This topic is of utmost importance. All spirituality is essentially about being free from hurt. When our mind is totally cleansed of all the scars of the past, that itself is moksha, liberation. The root cause of hurt and of its continuation is one and the same in the cases of other common psychological ailments such as fear, worry, greed and jealousy.
We say, “I am hurt.” The wise ask us, “Who is hurt? Who or what is that ‘I’ that is hurt?”
The entity that is hurt is a conception of I. Many thoughts, born of memory, build this concept. If I have enjoyed fame and name for years, there is a large bundle of memories of all that and I carry a ‘me’ that expects special regard and attention from others, who are common men (and women) in my eyes. When I do not receive any special consideration, it hurts me. Even in the case of a relationship between just two people, it is the attachment to memories that keeps certain expectations arising and, when they are not fulfilled, there is hurt. Go anywhere in the world, you will soon be caught in the net of expectations. Spiritual centers are no exception. You expect the so-called gurus to constantly pay attention to you; what is more tragic, some (unripe) gurus seek attention or continued admiration from a good number (if not all) of their followers.

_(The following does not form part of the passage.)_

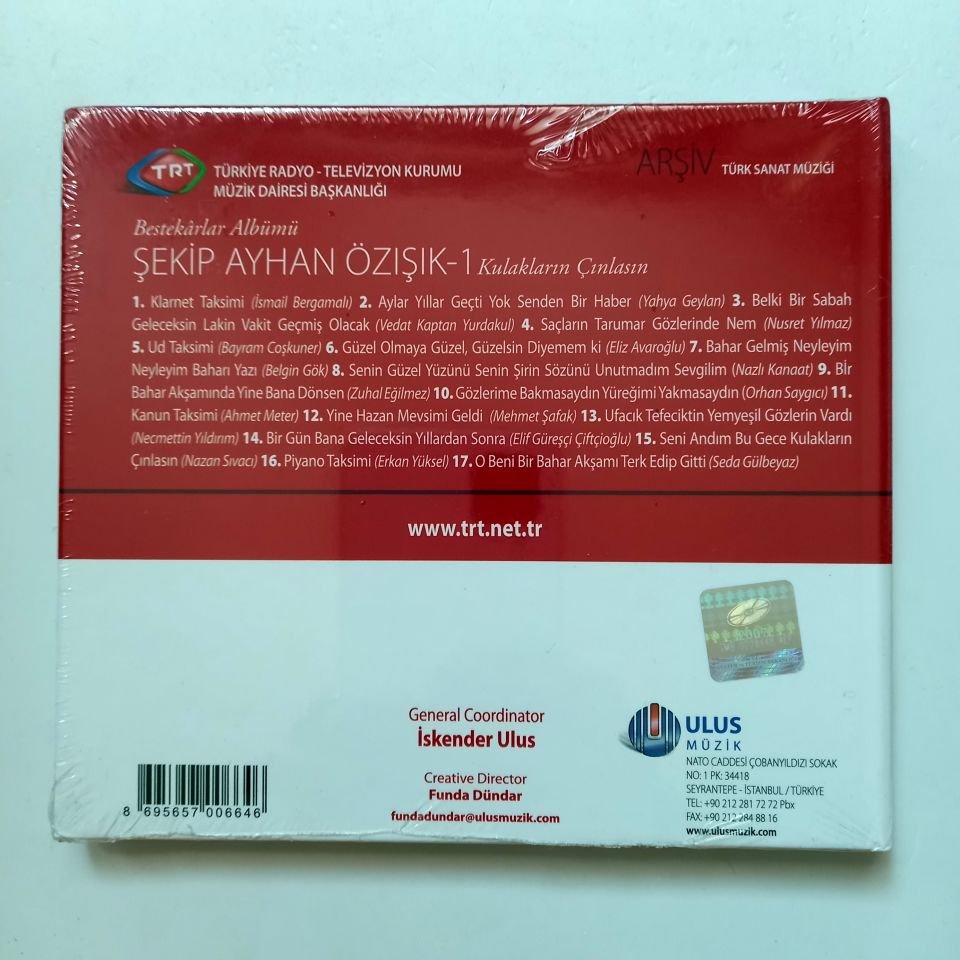 ŞEKİP AYHAN ÖZIŞIK-1 / KULAKLARIN ÇINLASIN / TÜRK SANAT MÜZİĞİ / TRT ARŞİV SERİSİ 109 - CD SIFIR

A mind that expects nothing cannot be hurt. Such a mind is an empty but alert mind.
We cannot go far by merely deciding not to expect. Willpower is a charming aspect of mind’s capabilities, which actually is utterly incapable of blessing us with true freedom. Intelligence and willpower are poles apart when it comes to how they influence the human mind. The former is born of total seeing while the latter breeds on partial consideration. With willpower, we may win battles but are sure to lose the war. Its glories are short-lived and it puts no end at all to any human misery. Will power gives us energy in a chosen direction and helps us achieve tasks but we are back to square one very soon. Intelligence removes basic misconceptions and leads us to illumination.
We need to give up our hurried ways that often border on panic, and take a dispassionate look at how we think. What drives our thoughts? Does a certain self-image act as the basis of all our reactions to situations? Is this image closer to facts or is it sustained by fancies?
Do ideas of ‘what we should be’ have a great power to shape our thoughts? Is the fact of ‘what we are’ on the back seat, helpless and hapless?
True intelligence is the ability to see through the games that our own thoughts play. It is about gaining basic understanding of how the machinery of thought functions within us. It is not a matter of generating great thoughts; it is rather made of insights into the structure of thought.
Self-observation, carried with intelligence, dismantles all the images in the mind. The walls of the hall then shine brightly without the clutter of too many framed pictures upon them. Such a mind comes upon silence. It has transparency. Old hurt leaves it and new hurt cannot then be.